"Hei, apa yang kalian lakukan kepada anak lurah itu?" pekik Kebo Alas.
Pria yang memanggul Dimas lalu kabur, sementara dua pria sisanya itu cabut golok dan menerjang ke arah ketua bandit.
"Siapakah engkau? Mau ke mana kita?" tanya Dimas.
Pria ini tidak menggubris. Ia sibuk melompati satu demi satu rumah penduduk dengan lincahnya sambil memanggul Dimas di atas bahu. Ilmu peringan tubuh yang dimiliki pria ini ternyata cukup tinggi. Tidak butuh waktu lama baginya untuk sampai di pinggiran desa.
Tempat ini cukup rimbun dengan semak belukar dan pohon besar yang memayunginya dari sinar matahari. Ini adalah perbatasan desa menuju hutan. Pria ini lalu bersiul dan memurunkan Dimas.
"Makanlah pil ini!" Pria ini lalu berikan sebuah pil hijau gelap dari sakunya. "Segera alirkan tenagamu dan atur jalannya napas."
"Ketua!" Seorang pria kurus tiba-tiba keluar dari semak-semak.Â
Beberapa orang lagi keluar pula dari balik semak dan pohon. Mereka berpakaian sama yaitu hitam dengan udeng batik coklat melingkari leher. Dimas memandangi wajah orang-orang ini. Tidak seorang pun yang ia kenal. Mereka sepertinya bukan penduduk Desa Banyuates.
"Tsabit, kau segera bawa pemuda ini bersama dirimu ke markas!"
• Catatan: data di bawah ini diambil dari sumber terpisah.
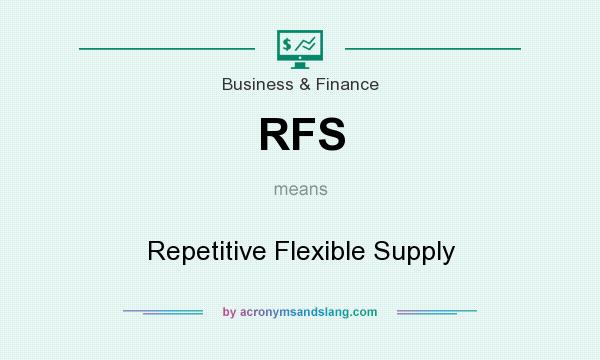 What does RFS mean? It stands for Repetitive Flexible Supply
"Baik, ketua. Namun, bagaimama dengan kau?"
Pria misterius ini kemudian menepuk pundak orang yang bernama Tsabit. Dibukalah kain batik penutup wajahnya itu. Kumisnya tipis dan ada tompel di pipi kirinya. Dimas pun tidak mengenalinya. Namun, di balik matanya yang berkaca-kaca nampaklah raut muka yang tidak asing.